- Born: 20 December 1938 Thalassery, Madras Province, British India
- Died: 13 August 2025 (aged 86) Thalassery, Kerala, India
- Occupation: Lexicographer
- Spouse: Yashoda

= Njattyela Sreedharan =

Indian lexicographer (1938–2025)

Njattyela Sreedharan (ഞാറ്റ്യേല ശ്രീധരന്‍, /ml/; 20 December 1938 – 13 August 2025) was an Indian lexicographer from Thalassery in Kerala.

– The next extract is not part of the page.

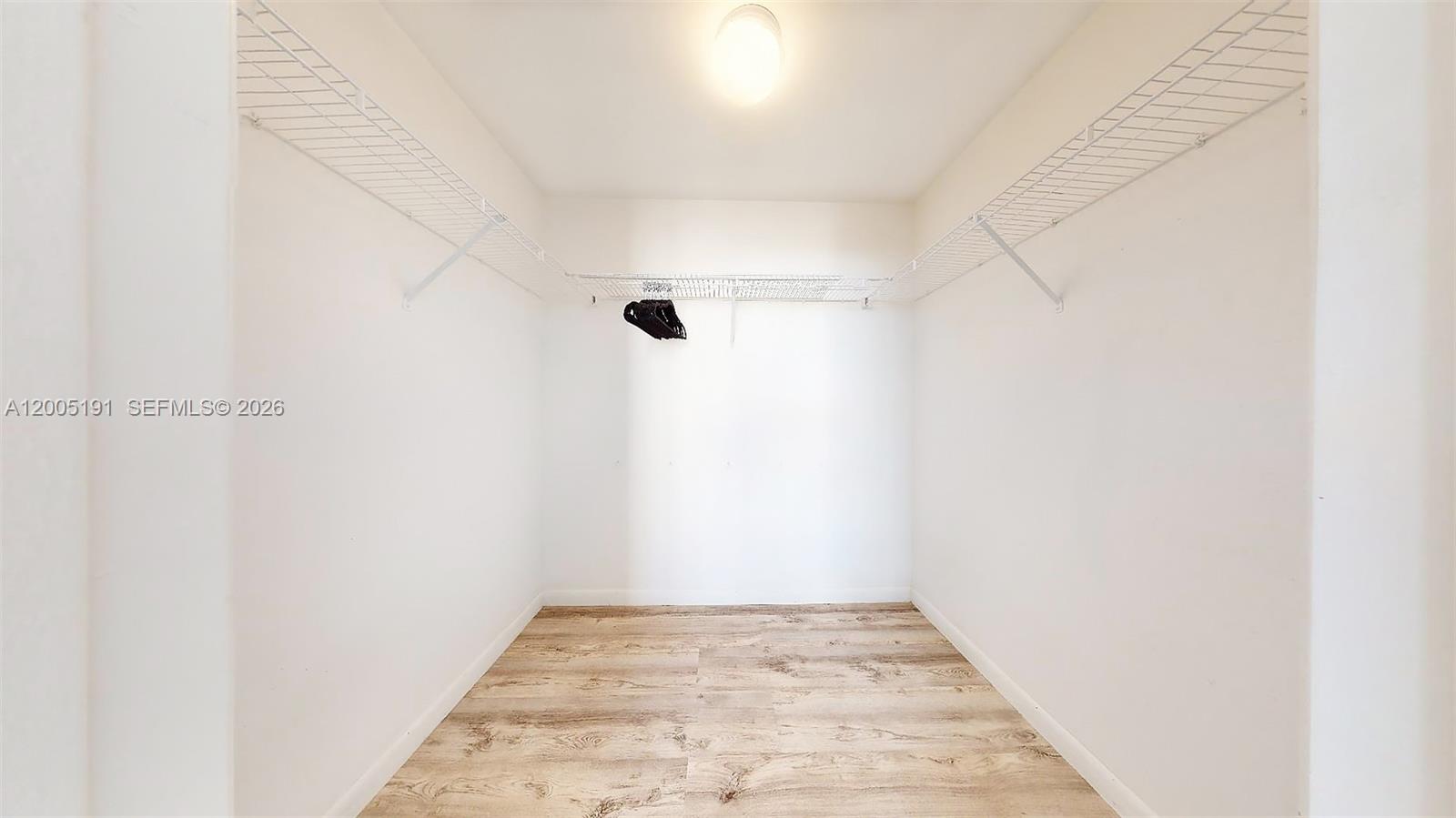 VIZCAYNE NORTH CONDO - Residential Lease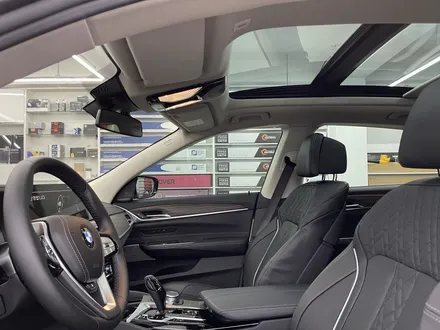 BMW 6gt 신차검수 + 신차패키지(썬팅, 블랙박스, 보조배터리) 서울 마포 / 서울 마포구 서교동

He is known for compiling a dictionary connecting four major Dravidian languages Malayalam, Kannada, Tamil and Telugu.

==Background==
Sreedharan was born in Thalassery, Madras Province, British India on 20 December 1938. He died at his residence on 13 August 2025, at the age of 86.

==Selected books==
- Malayalam–Tamil Dictionary (2012)
- Chathur Dravida Bhasha Nighandu (Dictionary of Four Dravidian Languages) (2020)
- Chathur Dravida Bhasha Padaparichayam (Published by Kerala Bhasha Institute) (2023)
- Ormakalude Thirayattam (Autobiography) (2024)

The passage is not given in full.